EXERCISE GOAL
Each record below gets repeated exactly, and pictures stay out of the copy.

RECORDS FOR PROCESSING
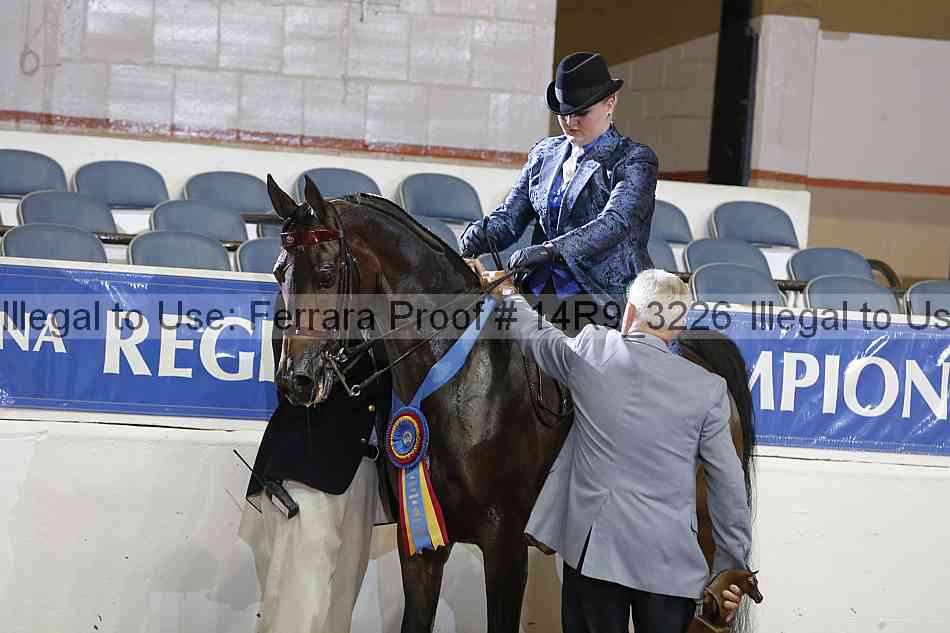 Proof 14r9_3226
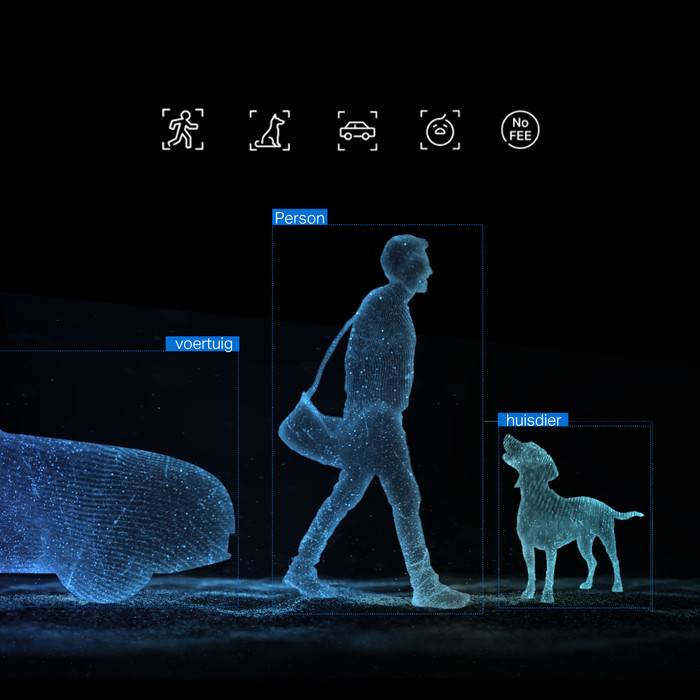 TP-Link Tapo C246D visual supplier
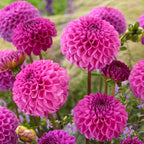 Dahlia Pom Pom Mixed Tubers x5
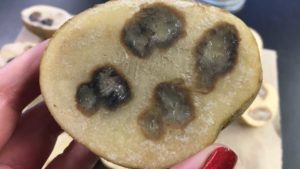 Two Tips to Improve Your Potato Seed Stock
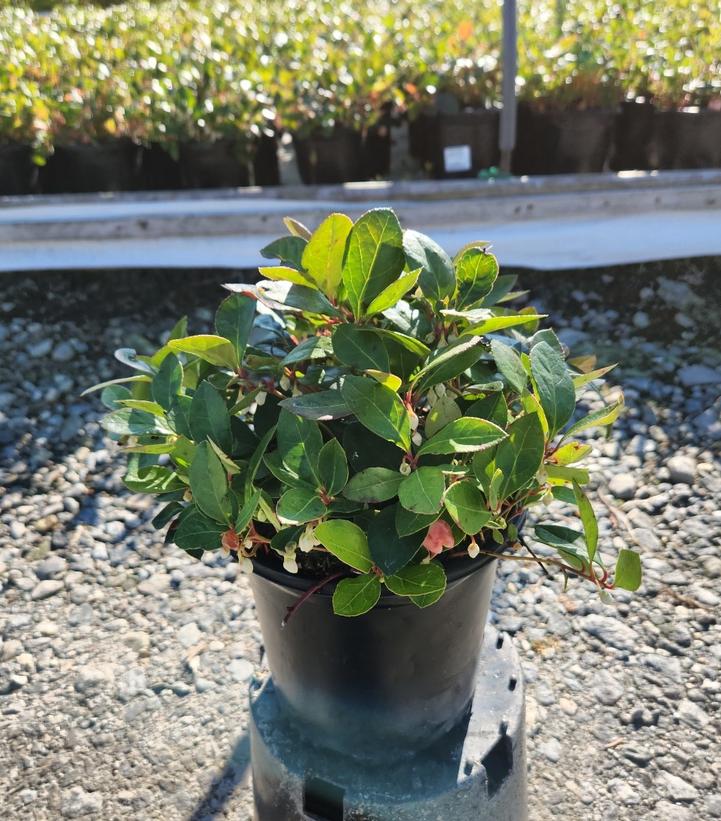 Gaultheria procumbens 'Winter Fiesta'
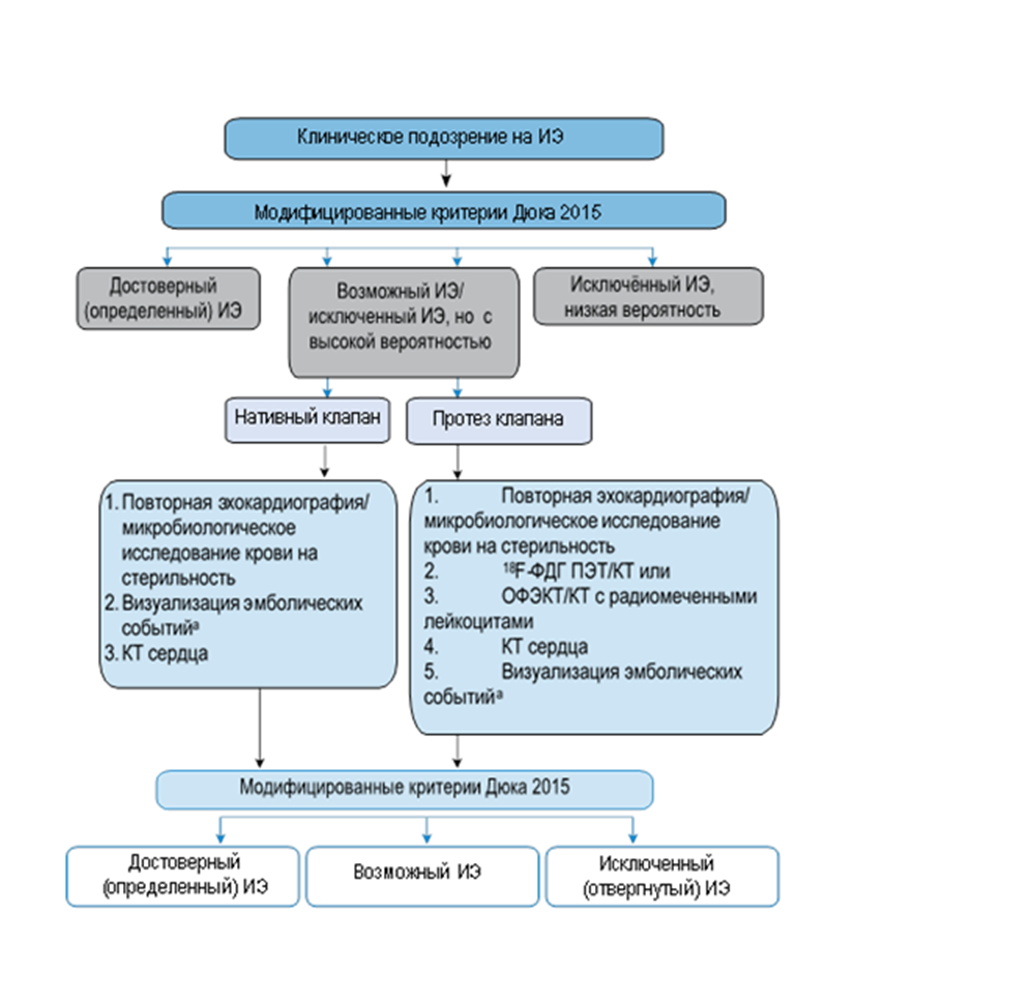 Инфекционный эндокардит план обследования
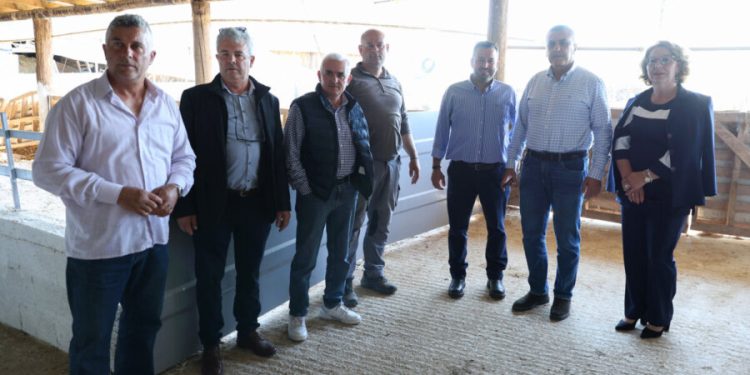 Στο-πλευρό-των-πληγέντων-κτηνοτρόφων-του-Αμπελώνα-Τυρνάβου-ο-Περιφερειάρχης-Θεσσαλίας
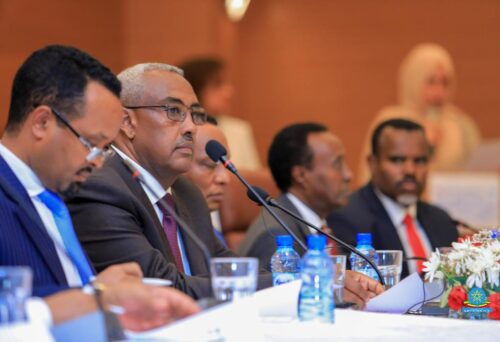 etiopia-somalia-delegacion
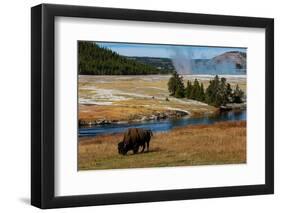 Yellowstone National Park, USA, Wyoming. Buffalo and Old Faithful.-Jolly Sienda-Framed Photographic Print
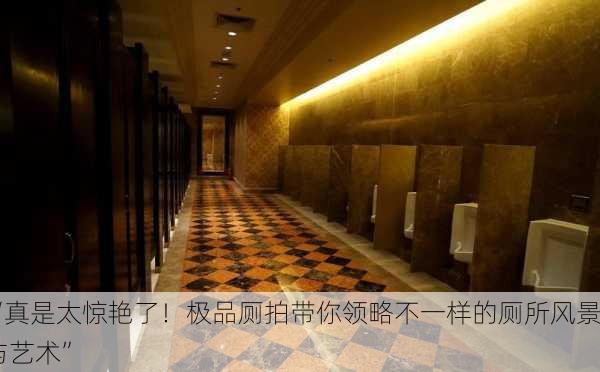 “真是太惊艳了！极品厕拍带你领略不一样的厕所风景与艺术”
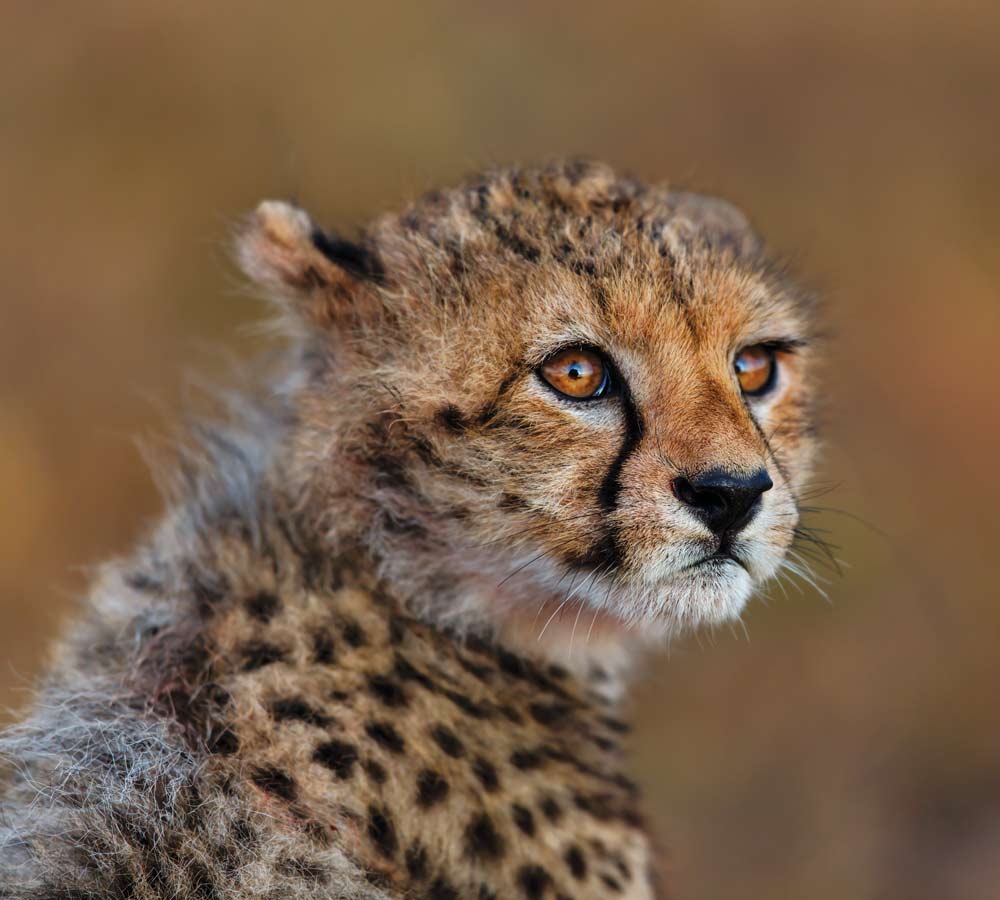 Masai Mara cheetah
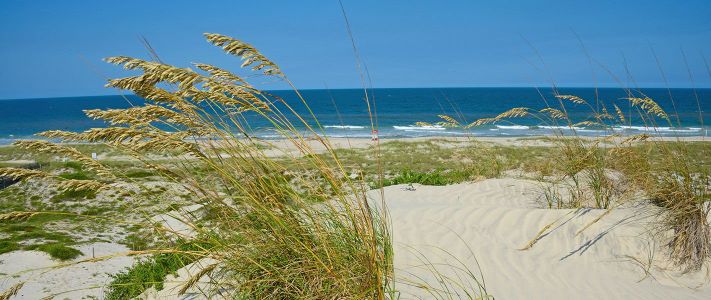 Amelia National by ICI Homes in Fernandina Beach - photo 11 11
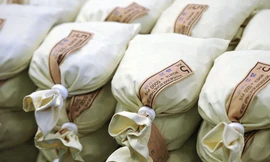 Chó được thừa kế gần 1 triệu USD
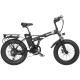 Aluminum Alloy Large Wheel Folding Electric Bike 48Volt Fashionable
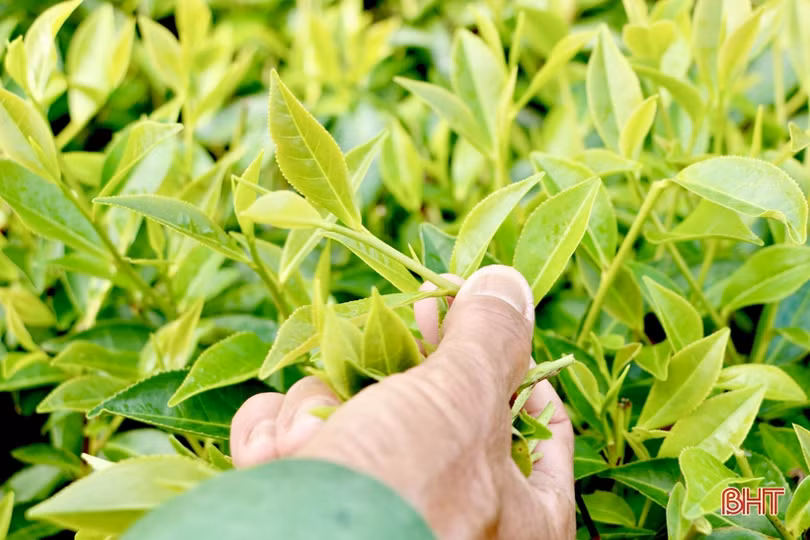 Nông dân miền núi Hà Tĩnh phấn khởi thu hoạch chè vụ xuân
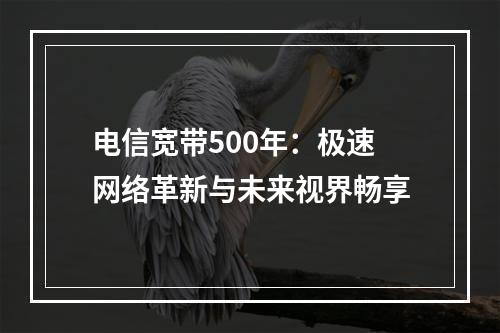 电信宽带500年：极速网络革新与未来视界畅享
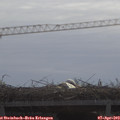 10_45-mast.jpg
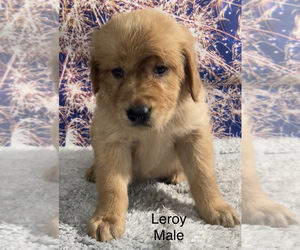 Golden Retriever Puppy for sale in AZLE, TX, USA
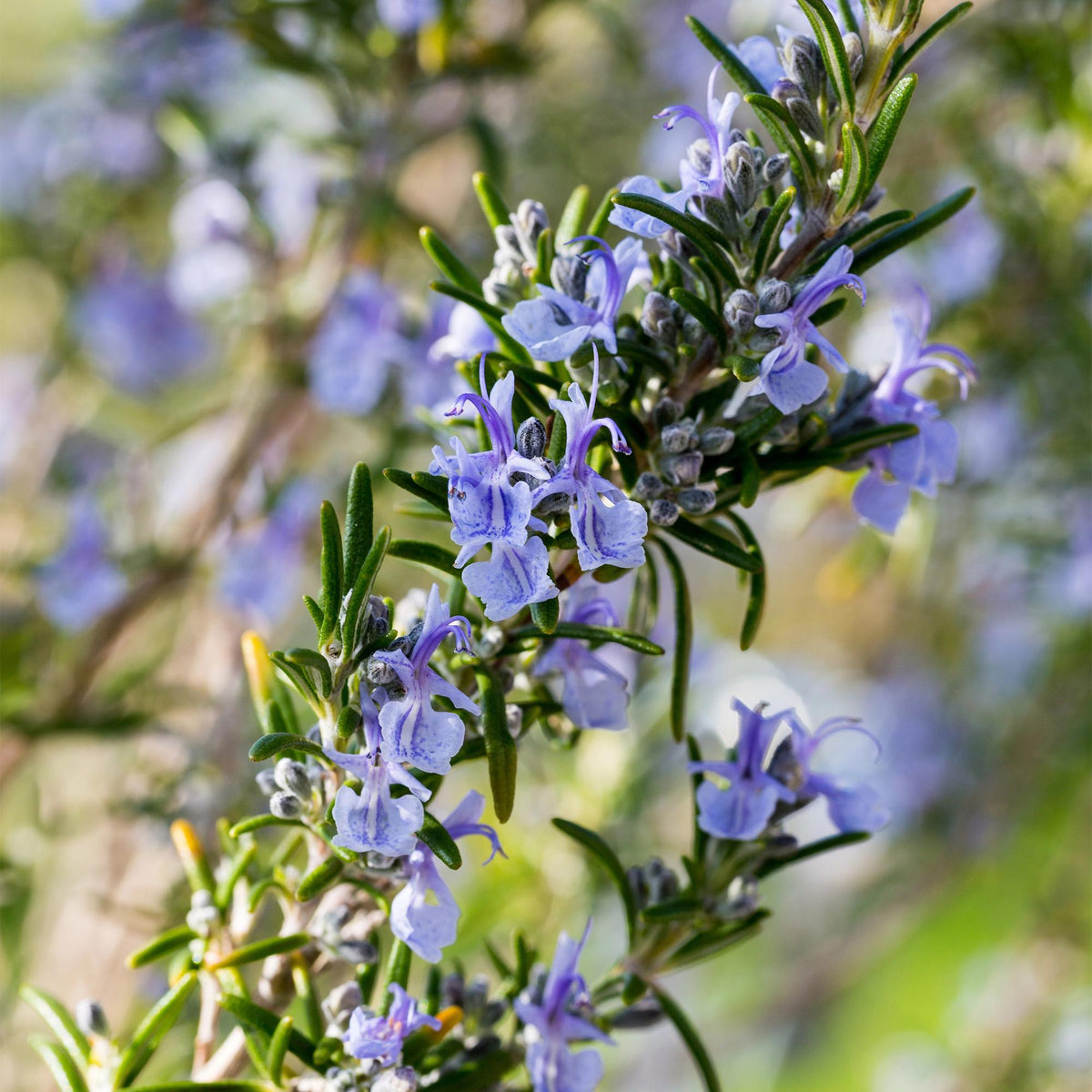 Rosmarinus officinalis, groene bladeren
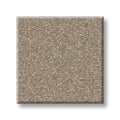 Shaw Floors - Carpet - Classics Collection  - Awaken Spirit I 12' - Fresco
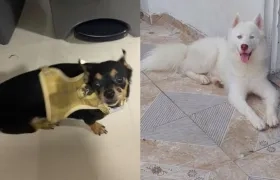 Mascotas extraviadas.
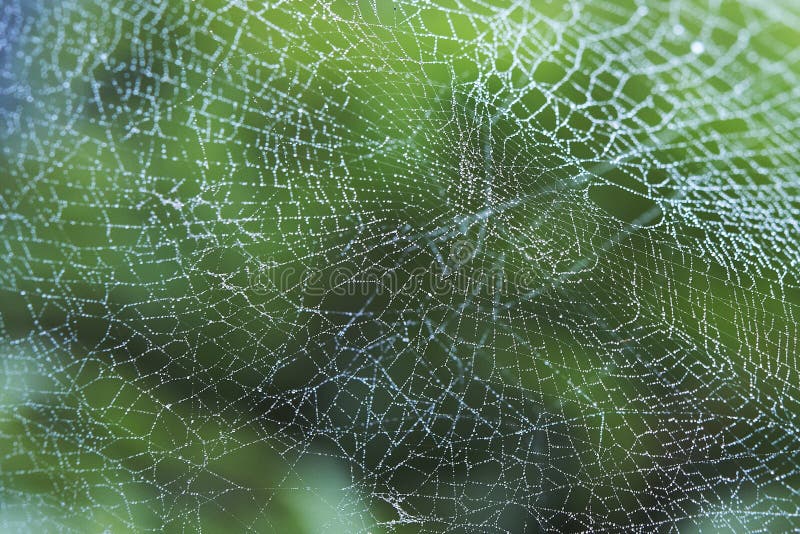 Thousand of Dew trapped on spider web. Thousand of Dew trapped on spider web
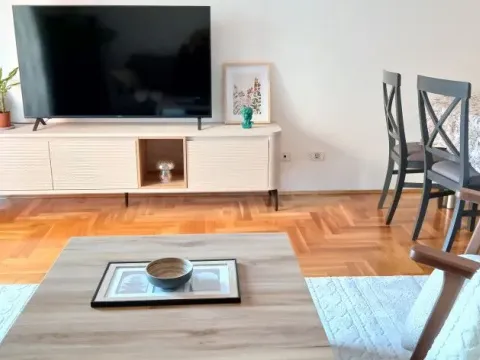 Rent, one bedroom apartment, 54m², Vezirov Most, Podgorica - image 2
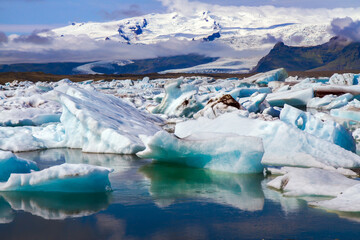 Poster - Icebergs and ice floes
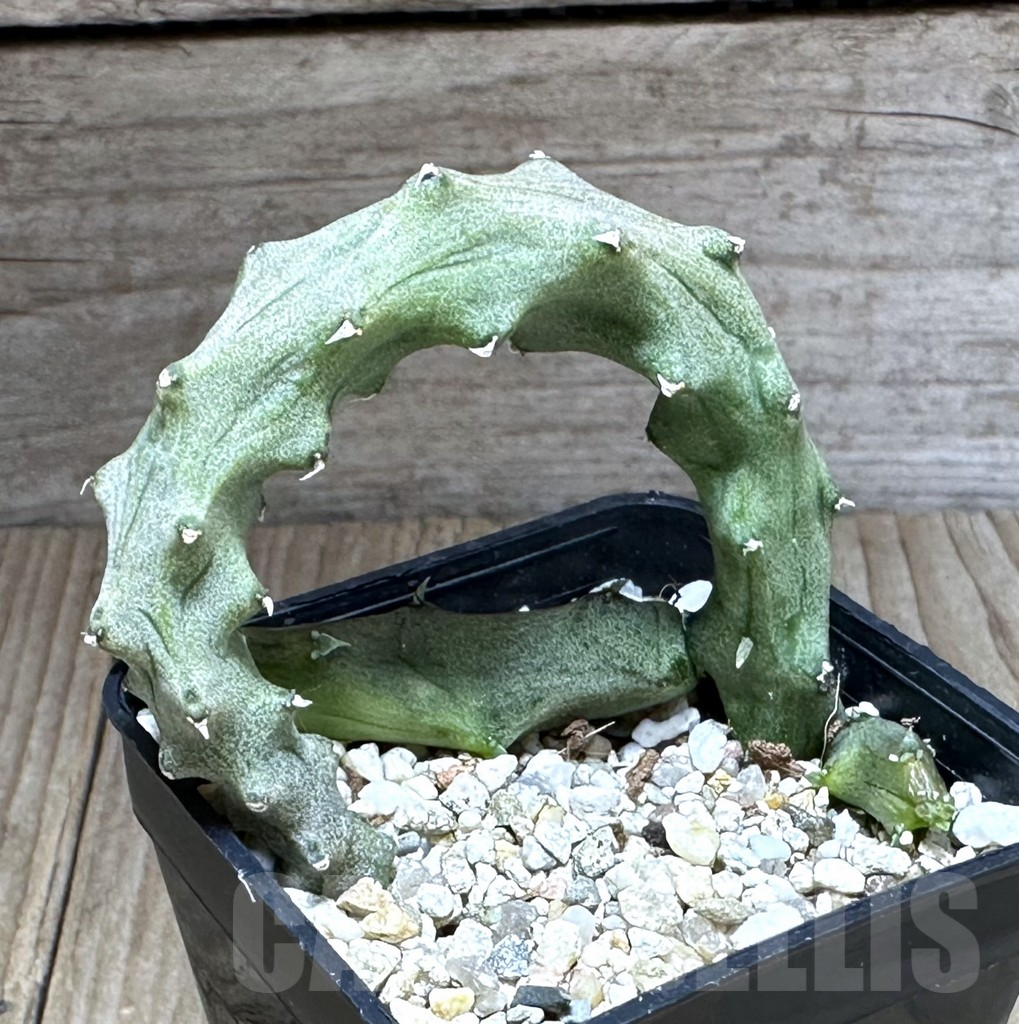 SHPR28844 Ceropegia stapeliiformis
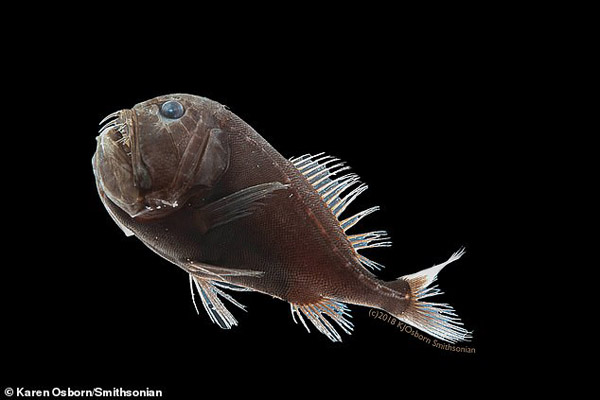 عجیب ترین و تکامل یافته ترین ماهی دنیا (تصاویر)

ANSWER BOX
 Proof 14r9_3226
 TP-Link Tapo C246D visual supplier
 Dahlia Pom Pom Mixed Tubers x5
 Two Tips to Improve Your Potato Seed Stock
 Gaultheria procumbens 'Winter Fiesta'
 Инфекционный эндокардит план обследования
 Στο-πλευρό-των-πληγέντων-κτηνοτρόφων-του-Αμπελώνα-Τυρνάβου-ο-Περιφερειάρχης-Θεσσαλίας
 etiopia-somalia-delegacion
 Yellowstone National Park, USA, Wyoming. Buffalo and Old Faithful.-Jolly Sienda-Framed Photographic Print
 “真是太惊艳了！极品厕拍带你领略不一样的厕所风景与艺术”
 Masai Mara cheetah
 Amelia National by ICI Homes in Fernandina Beach - photo 11 11
 Chó được thừa kế gần 1 triệu USD
 Aluminum Alloy Large Wheel Folding Electric Bike 48Volt Fashionable
 Nông dân miền núi Hà Tĩnh phấn khởi thu hoạch chè vụ xuân
 电信宽带500年：极速网络革新与未来视界畅享
 10_45-mast.jpg
 Golden Retriever Puppy for sale in AZLE, TX, USA
 Rosmarinus officinalis, groene bladeren
 Shaw Floors - Carpet - Classics Collection  - Awaken Spirit I 12' - Fresco
 Mascotas extraviadas.
 Thousand of Dew trapped on spider web. Thousand of Dew trapped on spider web
 Rent, one bedroom apartment, 54m², Vezirov Most, Podgorica - image 2
 Poster - Icebergs and ice floes
 SHPR28844 Ceropegia stapeliiformis
 عجیب ترین و تکامل یافته ترین ماهی دنیا (تصاویر)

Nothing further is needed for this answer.